Only count a UOC value when calculating termuocpassed if the student actually passed the course (i.e. has a grade from the set {SY, PT, PC, PS, CR, DN, HD, A, B, C}) or has an XE grade (for credit from exchange) or a T grade (transferred credit) or a PE grade (professional experience) or a RC or RS grade (research courses)). A null grade or any grade other than those just mentioned should not be treated as a pass. (For simplicity, grade GP and EC are treated as unpassed)
Only results with associated marks are included in the termwam calculation. If no mark or grade is available for a course (a null mark or grade), do not consider it when calcualting termwam. (i.e. grade SY, PT, XE, T, PE, RC and RS…or other grade-only results, they normally have a null mark).
termuocpassed and termwam are computed as follows:
termuocpassed = ΣUOC for all courses passed in this term
termwam = Σ(M*U)/ΣU for all courses completed (marked) in this term
M = mark received in a course
U = units of credit for a course
Round the WAM value to the nearest integer and refer to the note of Q5. (i.e. the nearest integer of 10.49 is 10; the nearest integer of 10.50 is 11) If no termwam or termwam is 0 this term, set termwam as null; If no courses have been passed this term, set termuocpassed as null. Examples can be found in Example page.
At the end of the transcript, add an extra TermTranscriptRecord which contains
(‘OVAL’, overallwam, overalluocpassed)
where the overalluocpassed and overallwam are computed as follows:
overalluocpassed = ΣUOC for all courses passed
overallwam = Σ(M*U)/ΣU for all courses completed (marked)
M = mark received in a course
U = units of credit for a course
The calculation rules are similar between the term and overall. Round the WAM value to the nearest integer. If no overallwam or overallwam is 0, just set overallwam as null; If no courses have been passed overall, set overalluocpassed as null.
For simplicity, ignore the situiation of degree changes. If a student zid is invalid, return an empty table. See the example in Example page.
How can you find interesting transcripts to look at? The answer is to think of some properties of a transcript that might make it interesting, and then ask a query to get information about any students who have these kinds of transcripts. I used the following query to find some students. Work out what it does and then try variations to find other kinds of “interesting” students:
select p.unswid,pr.code,termName(min(pe.term)),count()
from People p
join Program_enrolments pe on (pe.student=p.id)
join Programs pr on (pe.program=pr.id)
where pr.code like ‘3%’
group by p.unswid,pr.code
having count() > 5;
Q9 (2 marks)
An important part of defining academic rules in MyMyUNSW is the ability to define groups of academic objects (e.g. groups of subjects, streams or programs) In MyMyUNSW, groups can be defined in three different ways:
enumerated by giving a list of objects in a X_members table
pattern by giving a pattern that identifies all relevant objects
query by storing an SQL query which returns a set of object ids
In all cases, the result is a set of academic objects of a specific type (given in the gtype attribute).
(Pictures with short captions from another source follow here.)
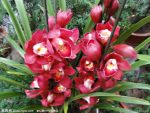 100 Pcs Dark Red Chinese Cymbidium Orchid Bonsai Home Garden Flower Indoor Potted Plants Flowers Cicada Orchids - 3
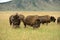 Bison Pair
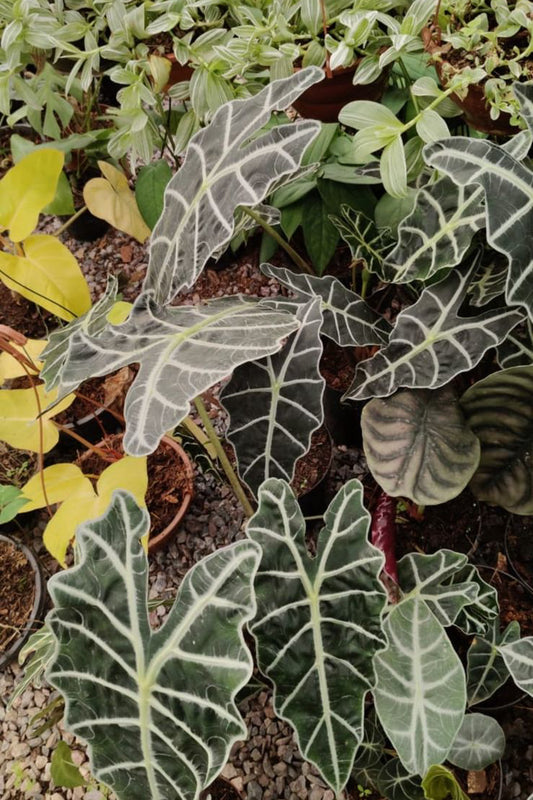 Alocasia amazonica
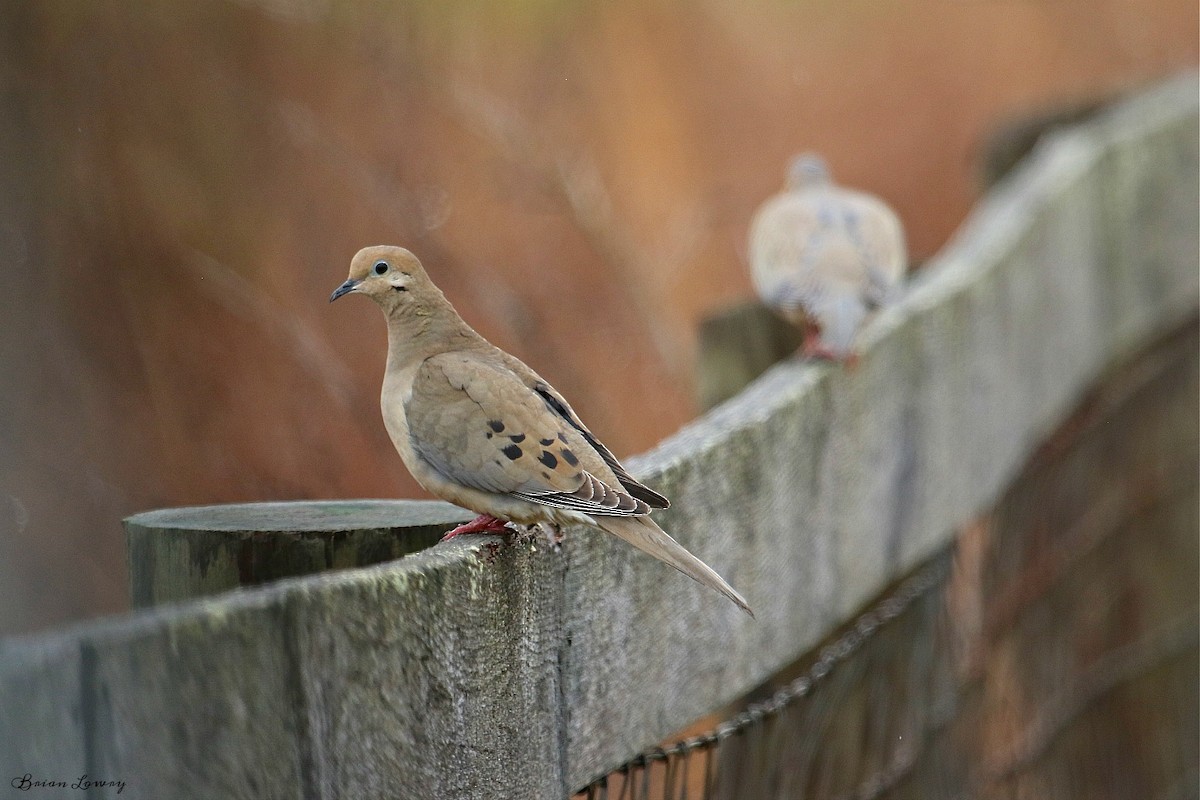 Mourning Dove - Brian Lowry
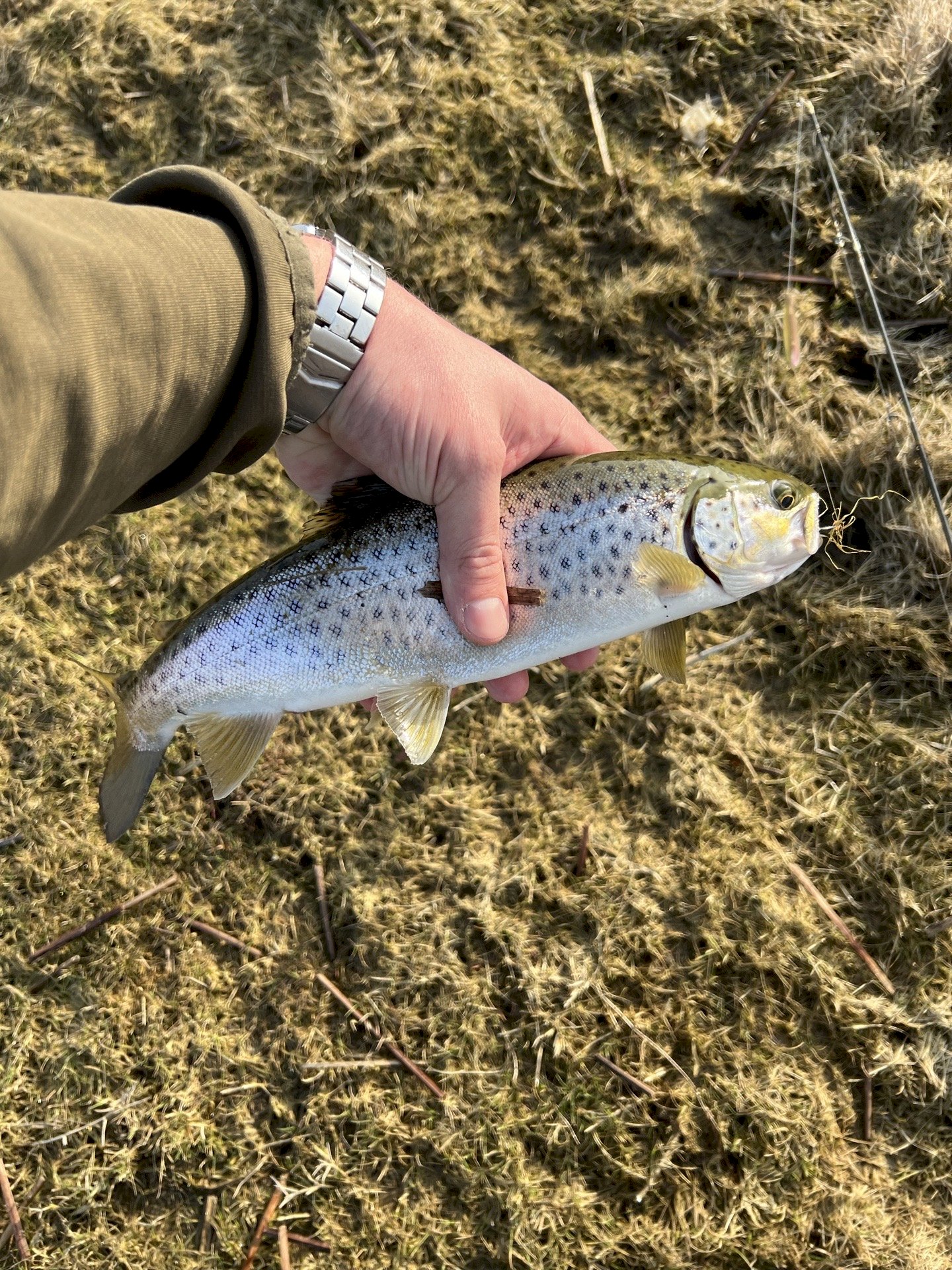 Nicolai Højmann Kristensen 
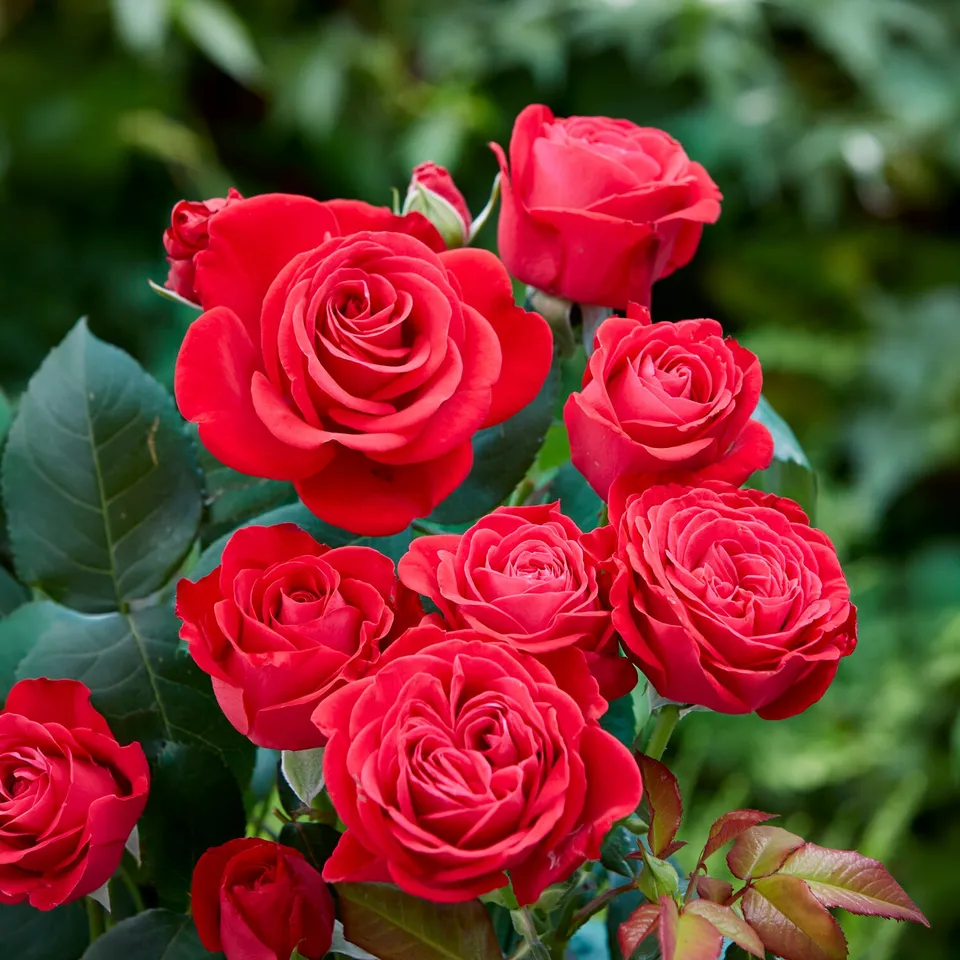 Bakker Rosier Dominica Intercomdoor Rouge Racine nue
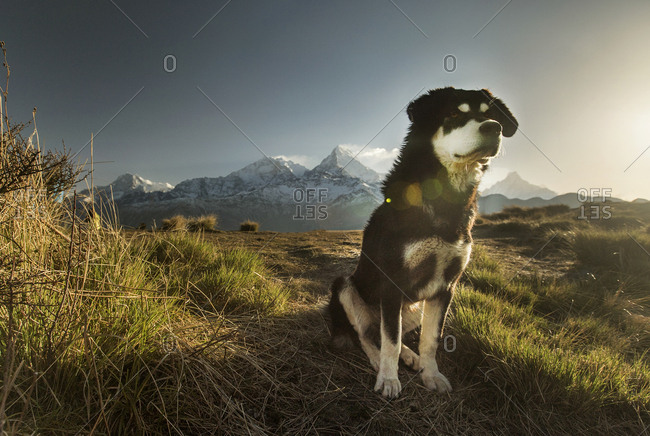 A dog sits still, staring off into the distance, with the peaks of Annapurna and Machapuchare in the distance.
Write a PLpgSQL function Q9(gid integer) that takes the internal ID of an academic object group and returns the codes for all members of the academic object group, including any child groups. Associated with each code should be the type of the corresponding object, either subject, stream or program.
You should return distinct codes (i.e. ignore multiple versions of any object), and there is no need to check whether the academic object is still being offered.
The function is defined as follows:
create or replace function Q9(gid integer) returns setof AcObjRecord
where AcObjRecord is already defined in the database as follows:
create type AcObjRecord as (
objtype text, – academic object’s type e.g. subject, stream, program
objcode text – academic object’s code e.g. COMP3311, SENGA1, 3978
);
Groups of academic objects are defined in the tables:
acad_object_groups(id, name, gtype, glogic, gdefby, negated, parent, definition)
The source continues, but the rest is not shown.